In the entries below, find the line with "Party-Perfect Stacked Buffalo" and the line with "An outdoor air", then retype both and everything between them exactly. Do not copy the pictures.

▸ SUPPLIED INFORMATION:
Start of Block

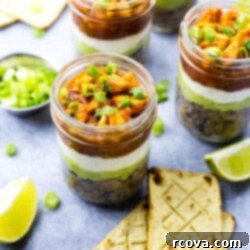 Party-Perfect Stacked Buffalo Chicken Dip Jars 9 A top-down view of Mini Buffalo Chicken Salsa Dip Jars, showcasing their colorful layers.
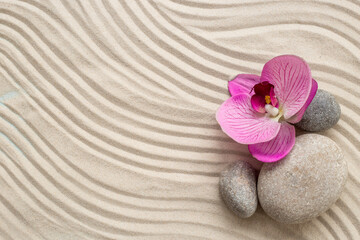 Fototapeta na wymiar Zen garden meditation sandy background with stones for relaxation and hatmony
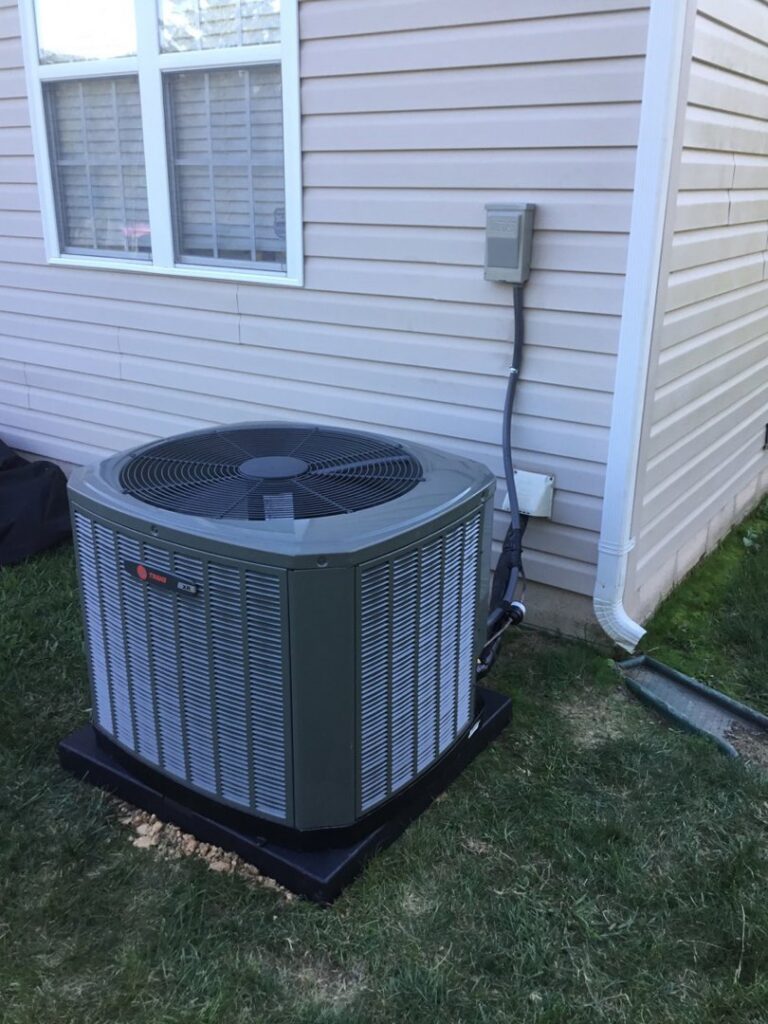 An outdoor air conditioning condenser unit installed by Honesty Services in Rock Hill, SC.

End of Block
Start of Block

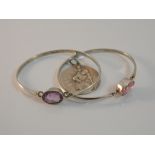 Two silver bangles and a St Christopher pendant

End of Block

▸ WRITTEN RESPONSE:
 Party-Perfect Stacked Buffalo Chicken Dip Jars 9 A top-down view of Mini Buffalo Chicken Salsa Dip Jars, showcasing their colorful layers.
 Fototapeta na wymiar Zen garden meditation sandy background with stones for relaxation and hatmony
 An outdoor air conditioning condenser unit installed by Honesty Services in Rock Hill, SC.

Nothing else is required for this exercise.